Acute Coronary Syndromes More Common in Women With Diabetes

Woman with chest pain
Woman with chest pain
Women with diabetes more likely to have heart disease than men.

Women with diabetes may be at a significantly greater excess risk for acute coronary syndrome compared with men with diabetes, according to a new systematic review and meta-analysis of 19 studies.

The findings were presented at EASD 2015, the annual meeting of the European Association for the Study of Diabetes.

In this study, researchers analyzed data on almost 11 million patients. Results showed that women with diabetes are approximately 40% more likely to suffer acute coronary syndromes (ACS) — heart attack or angina — than men with diabetes.

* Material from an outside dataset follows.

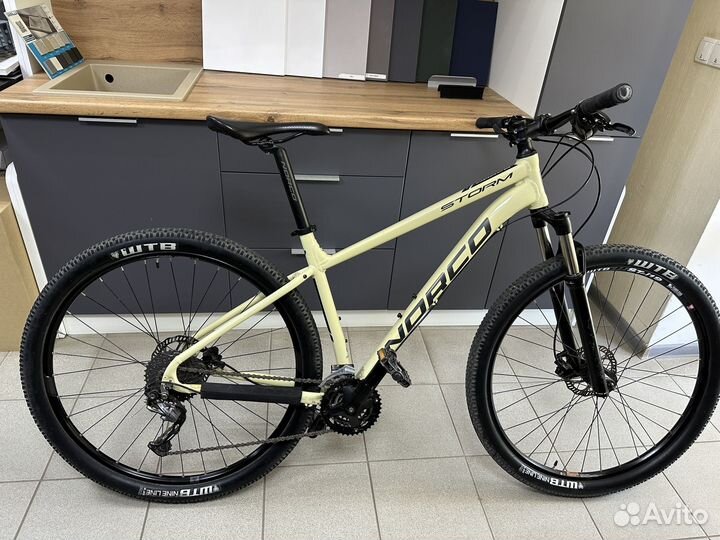 Велосипед Norco storm 9.1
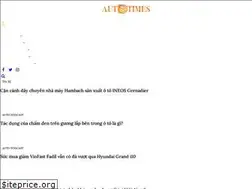 Sites similar to autotimes.vn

These findings should be a wake-up call for clinicians to make sure they “avoid sexual prejudice in cardiovascular disease (CVD),” according to the researchers. They said it is important to take the necessary steps to diagnose CVD early and to control risk factors in light of the significant gender differences in adult with diabetes.

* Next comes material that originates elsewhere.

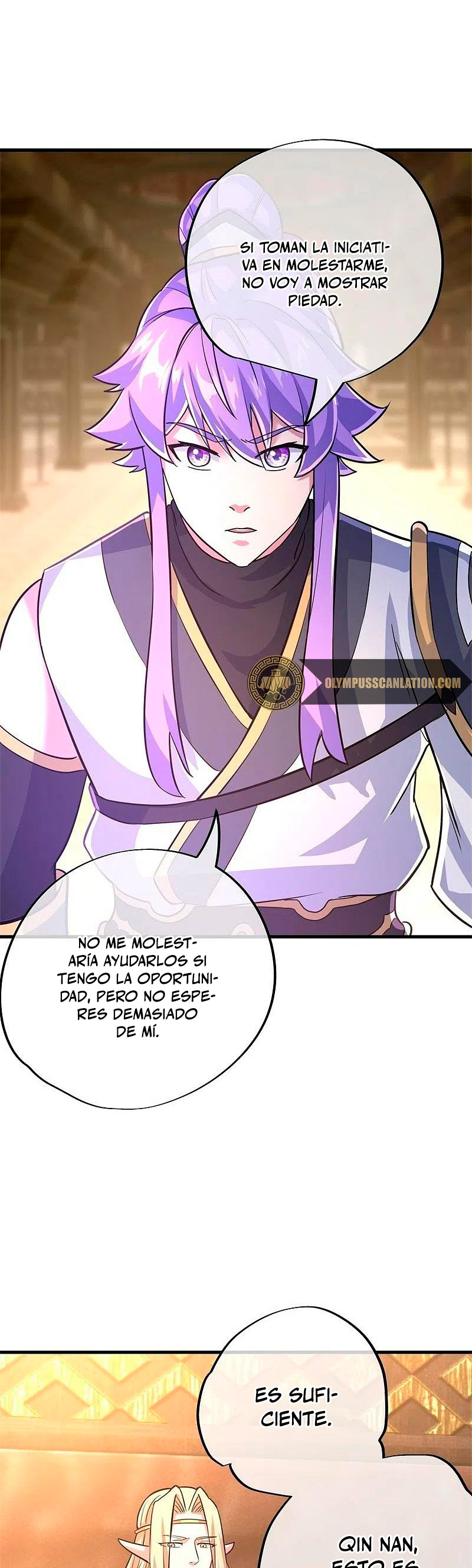 Peerless Battle Spirit Capítulo 424 - Página 41 en español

Xue Dong, MD, with the Affiliated ZhongDa Hospital of Southeast University, Nanjing in China, and colleagues, systematically searched PubMed, Embase and Cochrane Library databases for both case-control and cohort studies published between 1966 and 2014. Studies were included if they reported sex-specific estimates of the relative risk (RR), hazard ratio (HR) or odds ratio (OR) for the association between diabetes and ACS and its associated variability. The researchers pooled the sex-specific RR and their ratio (RRR) between women and men.

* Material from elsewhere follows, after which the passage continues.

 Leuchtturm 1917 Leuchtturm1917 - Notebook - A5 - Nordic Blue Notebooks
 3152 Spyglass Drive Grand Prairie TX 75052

A total of nine case-control and 10 cohort studies were included in the review. The 19 studies included 10,856,279 individuals and at least 106,703 fatal and nonfatal ACS events. Five studies were conducted in North America, seven in Europe and six in Asia. The pooled maximum-adjusted RR of ACS associated with diabetes was 2.46 in women and 1.68 in men.

In adults with diabetes, the researchers concluded that women had a 38% increased risk for ACS.

The researchers report that diabetes is a strong risk factor for ACS; however, whether diabetes confers the same excess risk for ACS between the sexes has been unknown. These new findings may have significant clinical implications due to the global epidemic of diabetes and the increasing morbidity and mortality associated with it.

In women with diabetes, it may be more important to aggressively treat CV risk factors and to develop new strategies for identifying the most suitable treatments, the researchers noted. The findings from this meta-analysis also suggest that more studies are warranted to investigate the mechanisms that may be conferring greater risk for ACS in women.


  1. Dong X et al. Abstract 269: Diabetes as a risk factor for acute coronary syndrome in women compared with men: a systematic review and meta-analysis. Presented at: EASD 2015; Sept. 14-18, 2015; Stockholm.